С моей помощью ей, наконец, удалось тронуться с места:
— Я еду, я еду! — запищала она от восторга и улыбнулась мне счастливой улыбкой.
— Здорово. На дорогу смотри, а не на меня! — я нехотя убрал руку и опять вольготно устроился на сиденье. Чувствовал одновременно облегчение и разочарование. Ладонь полыхала. Жар, смешанный с легкой дрожью, поднимался все выше, расползалась по плечу, по груди, заставляя сердце сильнее биться, — руль держи.
Слушая мои указания, Даша сделала десяток кругов по парковке и начала успокаиваться, даже хихикала, когда говорил, что в ней пропал талант великого гонщика.
— Теперь выворачивай на дорогу.
— Может, не надо? — снова всполошилась она.
— Надо, Дашенька, надо. Ты сама хотела кататься, теперь поздно отступать.
Бедная моя машина… Как же она дергалась и чихала в неумелых Дашкиных руках… Прямо судороги раненого животного. В испуганном завывании мотора так и слышалось «спаси меня, Магницкий, спаси, не дай погибнуть позорной смертью».

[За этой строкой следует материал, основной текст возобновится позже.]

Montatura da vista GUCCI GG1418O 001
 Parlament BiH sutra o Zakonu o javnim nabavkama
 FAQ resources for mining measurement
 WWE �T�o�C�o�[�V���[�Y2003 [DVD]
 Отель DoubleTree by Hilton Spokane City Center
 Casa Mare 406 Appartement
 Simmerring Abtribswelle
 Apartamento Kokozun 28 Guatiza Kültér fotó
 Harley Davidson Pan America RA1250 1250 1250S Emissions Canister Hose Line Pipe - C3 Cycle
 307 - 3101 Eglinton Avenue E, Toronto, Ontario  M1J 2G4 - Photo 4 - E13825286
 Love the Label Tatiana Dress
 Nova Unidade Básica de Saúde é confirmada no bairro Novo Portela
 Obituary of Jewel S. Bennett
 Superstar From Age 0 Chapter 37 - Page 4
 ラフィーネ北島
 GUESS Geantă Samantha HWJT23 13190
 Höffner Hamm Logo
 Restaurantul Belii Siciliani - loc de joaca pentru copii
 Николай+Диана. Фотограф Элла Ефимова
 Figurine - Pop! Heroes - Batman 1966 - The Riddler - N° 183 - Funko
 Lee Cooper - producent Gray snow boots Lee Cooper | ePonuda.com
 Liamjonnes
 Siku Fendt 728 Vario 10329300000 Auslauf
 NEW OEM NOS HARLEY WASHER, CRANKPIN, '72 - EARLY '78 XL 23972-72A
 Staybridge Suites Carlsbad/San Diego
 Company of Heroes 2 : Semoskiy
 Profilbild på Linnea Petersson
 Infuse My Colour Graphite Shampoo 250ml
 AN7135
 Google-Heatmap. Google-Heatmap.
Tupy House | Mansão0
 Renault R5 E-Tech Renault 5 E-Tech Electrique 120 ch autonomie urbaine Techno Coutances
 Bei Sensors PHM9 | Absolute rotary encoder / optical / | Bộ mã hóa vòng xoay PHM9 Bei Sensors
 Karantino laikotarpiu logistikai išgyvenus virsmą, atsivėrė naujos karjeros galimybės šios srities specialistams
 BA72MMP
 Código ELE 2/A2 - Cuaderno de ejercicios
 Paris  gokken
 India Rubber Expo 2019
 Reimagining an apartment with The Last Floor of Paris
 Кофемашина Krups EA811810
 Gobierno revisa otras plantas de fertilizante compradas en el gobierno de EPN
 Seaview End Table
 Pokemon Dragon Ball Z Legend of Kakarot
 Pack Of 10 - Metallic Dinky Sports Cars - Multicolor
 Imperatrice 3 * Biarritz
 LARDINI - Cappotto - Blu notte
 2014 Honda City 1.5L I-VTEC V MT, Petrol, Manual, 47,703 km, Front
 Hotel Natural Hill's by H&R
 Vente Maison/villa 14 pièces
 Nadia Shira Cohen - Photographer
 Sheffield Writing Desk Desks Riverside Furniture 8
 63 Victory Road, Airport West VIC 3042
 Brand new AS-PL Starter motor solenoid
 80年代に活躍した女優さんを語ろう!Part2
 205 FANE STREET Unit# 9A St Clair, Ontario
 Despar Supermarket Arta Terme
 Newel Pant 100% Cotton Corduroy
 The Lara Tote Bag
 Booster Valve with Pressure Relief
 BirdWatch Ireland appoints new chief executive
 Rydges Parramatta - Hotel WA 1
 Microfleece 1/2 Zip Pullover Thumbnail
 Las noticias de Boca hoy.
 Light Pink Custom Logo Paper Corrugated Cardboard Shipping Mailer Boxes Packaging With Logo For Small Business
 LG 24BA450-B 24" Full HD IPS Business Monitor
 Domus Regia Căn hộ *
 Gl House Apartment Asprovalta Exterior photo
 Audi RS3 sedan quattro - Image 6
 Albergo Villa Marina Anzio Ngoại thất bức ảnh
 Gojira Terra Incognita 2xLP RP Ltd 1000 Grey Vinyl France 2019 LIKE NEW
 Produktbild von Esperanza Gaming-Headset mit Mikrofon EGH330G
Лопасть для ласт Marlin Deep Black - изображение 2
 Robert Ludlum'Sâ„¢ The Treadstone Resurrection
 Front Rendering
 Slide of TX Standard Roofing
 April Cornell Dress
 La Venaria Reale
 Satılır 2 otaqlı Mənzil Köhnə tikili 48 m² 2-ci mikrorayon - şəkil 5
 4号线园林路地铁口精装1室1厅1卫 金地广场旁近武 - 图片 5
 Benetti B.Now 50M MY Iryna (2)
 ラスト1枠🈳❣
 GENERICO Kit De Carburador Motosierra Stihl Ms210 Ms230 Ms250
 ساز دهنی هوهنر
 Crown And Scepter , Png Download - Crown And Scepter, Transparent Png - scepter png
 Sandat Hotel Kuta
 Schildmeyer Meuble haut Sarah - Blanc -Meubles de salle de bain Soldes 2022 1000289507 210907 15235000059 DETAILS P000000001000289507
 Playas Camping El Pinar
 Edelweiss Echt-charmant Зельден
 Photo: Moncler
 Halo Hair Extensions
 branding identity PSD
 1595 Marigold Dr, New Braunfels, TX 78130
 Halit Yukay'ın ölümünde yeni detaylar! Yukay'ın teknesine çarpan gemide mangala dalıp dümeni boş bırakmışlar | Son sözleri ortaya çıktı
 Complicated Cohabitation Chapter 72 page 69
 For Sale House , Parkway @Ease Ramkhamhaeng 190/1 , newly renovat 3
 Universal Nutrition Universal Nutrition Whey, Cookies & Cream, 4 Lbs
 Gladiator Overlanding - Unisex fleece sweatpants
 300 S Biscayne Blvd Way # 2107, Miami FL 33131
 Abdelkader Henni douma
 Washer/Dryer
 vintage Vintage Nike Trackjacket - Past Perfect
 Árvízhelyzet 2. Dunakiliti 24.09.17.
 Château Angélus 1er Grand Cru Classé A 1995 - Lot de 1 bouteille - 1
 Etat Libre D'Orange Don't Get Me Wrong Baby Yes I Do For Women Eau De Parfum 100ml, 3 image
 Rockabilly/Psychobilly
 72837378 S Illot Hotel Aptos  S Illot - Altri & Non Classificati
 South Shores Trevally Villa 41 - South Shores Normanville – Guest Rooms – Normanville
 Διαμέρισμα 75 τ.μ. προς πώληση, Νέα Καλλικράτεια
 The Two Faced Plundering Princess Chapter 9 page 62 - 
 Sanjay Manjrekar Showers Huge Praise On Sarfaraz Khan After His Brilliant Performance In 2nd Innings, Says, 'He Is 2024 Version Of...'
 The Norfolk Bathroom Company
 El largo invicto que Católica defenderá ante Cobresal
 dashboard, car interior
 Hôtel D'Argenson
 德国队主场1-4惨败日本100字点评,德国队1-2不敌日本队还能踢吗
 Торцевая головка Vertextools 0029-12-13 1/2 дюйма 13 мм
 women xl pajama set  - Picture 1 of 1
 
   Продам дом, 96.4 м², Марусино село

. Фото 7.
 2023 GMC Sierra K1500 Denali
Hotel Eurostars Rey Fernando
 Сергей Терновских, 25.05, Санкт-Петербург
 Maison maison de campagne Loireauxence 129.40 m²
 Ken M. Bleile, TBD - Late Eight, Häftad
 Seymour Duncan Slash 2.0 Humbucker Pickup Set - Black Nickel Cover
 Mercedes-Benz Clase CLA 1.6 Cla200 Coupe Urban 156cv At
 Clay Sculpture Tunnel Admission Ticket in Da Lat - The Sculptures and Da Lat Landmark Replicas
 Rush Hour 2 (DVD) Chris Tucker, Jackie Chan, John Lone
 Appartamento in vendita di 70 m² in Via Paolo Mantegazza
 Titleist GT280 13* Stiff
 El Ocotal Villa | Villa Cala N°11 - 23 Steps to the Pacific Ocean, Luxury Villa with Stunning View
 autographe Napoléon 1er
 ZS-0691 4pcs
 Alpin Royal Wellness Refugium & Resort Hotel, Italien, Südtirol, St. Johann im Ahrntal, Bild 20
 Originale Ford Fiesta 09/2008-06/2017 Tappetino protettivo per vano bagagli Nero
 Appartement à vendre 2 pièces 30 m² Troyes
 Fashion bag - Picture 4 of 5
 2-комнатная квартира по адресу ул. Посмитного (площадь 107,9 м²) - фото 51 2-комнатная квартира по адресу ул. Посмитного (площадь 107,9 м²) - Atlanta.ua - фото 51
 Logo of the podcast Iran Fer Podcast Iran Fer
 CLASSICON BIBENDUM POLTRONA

Мы крались по ночным улицам со скоростью тридцать километров в час, останавливались у каждого светофора несмотря на то, что кроме нас на перекрестке не было ни одной машины. Даша пыхтела как паровоз, потными ручонками дергала рычаг передач и больше всего была похожа на маленькую, взъерошенную белку. На ее лице отражалось такое напряжение, что я даже испугался, как бы ее удар не хватил. Даже за коленки боялся ее хватать, хотя хотелось.